Your browser is not supported. Please update it.

1 September 2022

Samsung stunned by TV Plus FAST growth, no one else surprised

Samsung had no idea its free ad-supported streaming TV (FAST) service would explode at a rate of 100% increase in viewing over the past twelve months – but Faultline has known for at least two months that Samsung has been preparing for something of a relaunch, given the recent influx of content deals.

To celebrate the growth of Samsung TV Plus to 3 billion streaming hours on 465 million smart TVs, smartphones, and browsers globally, the Korean electronics giant has awarded the FAST service a facelift and a slew of new content.

While not a dramatic makeover on the front-end, TV Plus brings new channels and shows to the service, including emphasis on local and national news shows, plus two Samsung exclusives – the car enthusiast channel Ride or Drive and the events channel Samsung Showcase.

But what’s happening behind the scenes is much more interesting.

As revealed in an interview with Fierce Video, Samsung’s SVP of Product Marketing, Sang Kim, revealed that the spike in Samsung TV Plus popularity has turned the tides of power, as content providers are approaching Samsung directly – scrambling to get FAST distribution signatures for their content, and fast.

While highlighting Samsung’s renewed commitment to FAST – which, remember, defines a service offering both linear and on-demand content with ads – the interview does not talk technology.
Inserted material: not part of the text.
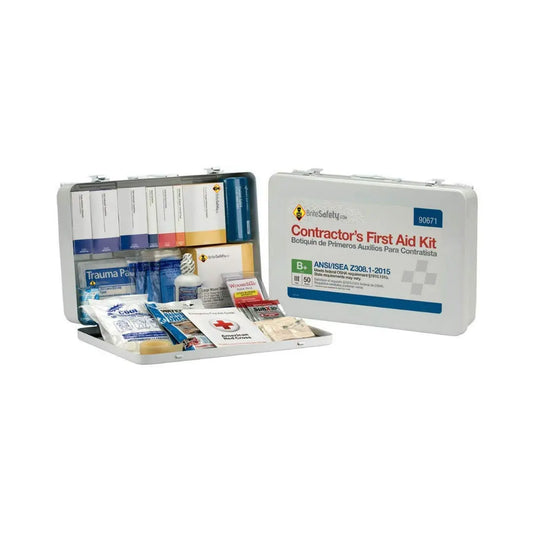50 Person Contractor ANSI B+ First Aid Kit, Metal Case - First Aid Market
Specifically, with content deals for the likes of Samsung TV Plus ramping up considerably to meet viewer demand, all this new content needs protecting.

For this, we defer to one of Faultline’s own recent interviews, with US content security specialist BuyDRM – supplier to Samsung TV Plus of its KeyOS Multi-DRM Platform.

We recall the candor of BuyDRM CEO Christopher Levy, telling Faultline that, despite all the excitement around FAST services, ad-based revenue on long-tail content is still something like 10% of the revenue per play of SVoD and pay TV. What that means is massive amounts of playback for the content, which your run of the mill conditional access technology suppliers cannot handle.

Levy claimed, at the time of our call, that none of the usual content security suspects – Nagra, Verimatrix, Viaccess-Orca – can support the kind of playback at scale that FAST services require, and are not making a penny from DRM.

These pioneers of pay TV protection need to figure out how to play catch-up to the likes of BuyDRM, Axinom, and castLabs when it comes to serving the AVoD opportunity.

It was during this June 2022 conversation with Levy that we sensed Samsung TV Plus was on the cusp of a relaunch – not only with momentum building around content deals, but crucially with the expansion of TV Plus as a web version in July 2021. This was a game-changer, marking the service’s breakthrough on devices outside the Samsung ecosystem, chiefly smart TV and handsets, since launching in 2015.

It therefore goes without saying that the relaunch or rebrand of Samsung TV Plus – whatever you want to call the reaction to surge in demand – is excellent news for BuyDRM.

Of course, Samsung’s device footprint gives it immense potential clout, should it choose to push the streaming service aggressively.

However, it might have to overcome the consumer hostility to its software, with its somewhat infamous rip-off apps that would try to poach users from the core Android experience, but as the cost of SVoD services increases across the board, a service like Samsung TV Plus becomes more enticing.

Circling back to the Fierce Video interview, Samsung’s Kim also highlighted personalization and recommendations as areas that have received investment with the relaunch, without explaining what specifically has changed or been improved on.

In the meantime, Samsung is busy experimenting with different ad loads and formats on different channels. Right now, ad load on linear channels is a fixed number, although Kim then contradicts this by saying that the TV Plus team does not believe in a fixed ad load in the future. More experimenting is clearly on the cards then.